La Cour a donc estimé que le transporteur a commis une faute lourde ou plus exactement, désormais, une faute inexcusable. La loi du 8 décembre 2009 relative à l’organisation et à la régulation des transports ferroviaires et portant diverses dispositions relatives aux transports a, en effet, substitué la seconde à la première comme la faute équipollente au dol dont la commission est seule à même de tenir en échec la limitation d’indemnisation prévue par le contrat type applicable à disposition de convention contraire – (C. com., art. L. 133-8 nouv. réd. ; L. n° 2009-1503, 8 déc. 2009, art. 34-II). Il s’agit même, à notre connaissance, du premier arrêt rendu par la juridiction suprême à se prononcer sur cette notion de faute inexcusable du transporteur terrestre. Cette modification terminologique avait d’ailleurs été saluée par la doctrine, notamment en ce qu’elle ouvre à un alignement du droit des transports terrestres – routier et fluvial – sur les droits aérien et maritime, et de notre droit sur certains étrangers, ce qui permettra d’harmoniser le traitement des contentieux.

En réalité, la différence entre faute lourde et faute inexcusable est ténue, même s’il semble que la faute inexcusable soit moins facile à retenir pour les juges du fond que la faute lourde. L’arrêt du 18 novembre 2014 semble confirmer cette analyse et traduit, de la part de la Cour de cassation, une approche très rigoureuse de la faute inexcusable.
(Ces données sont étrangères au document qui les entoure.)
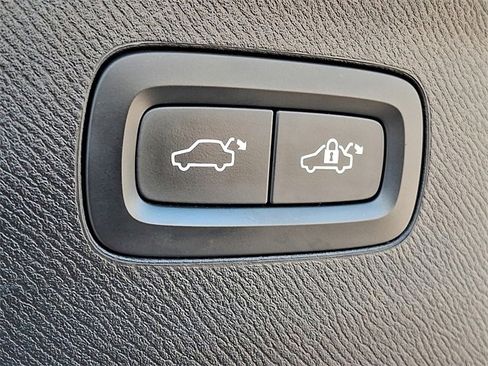 Used 2017 Volvo XC90 T6 Inscription w/ Vision Package image 24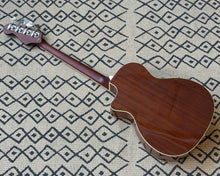 Load image into Gallery viewer, Fender Kingman Bass - Shaded Edge Burst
L’arrêt d’appel est, en effet, cassé pour défaut de base légale au regard à la fois de l’article 1150 du code civil et de l’article précité, les motifs retenus par les juges du fond étant, selon la Haute juridiction, impropres à caractériser « la faute inexcusable du transporteur, laquelle est une faute délibérée impliquant la conscience de la probabilité du dommage et son acceptation téméraire sans raison valable ». Il semble, précisément, que l’on soit ici davantage en présence d’une faute de négligence, quoique consciente.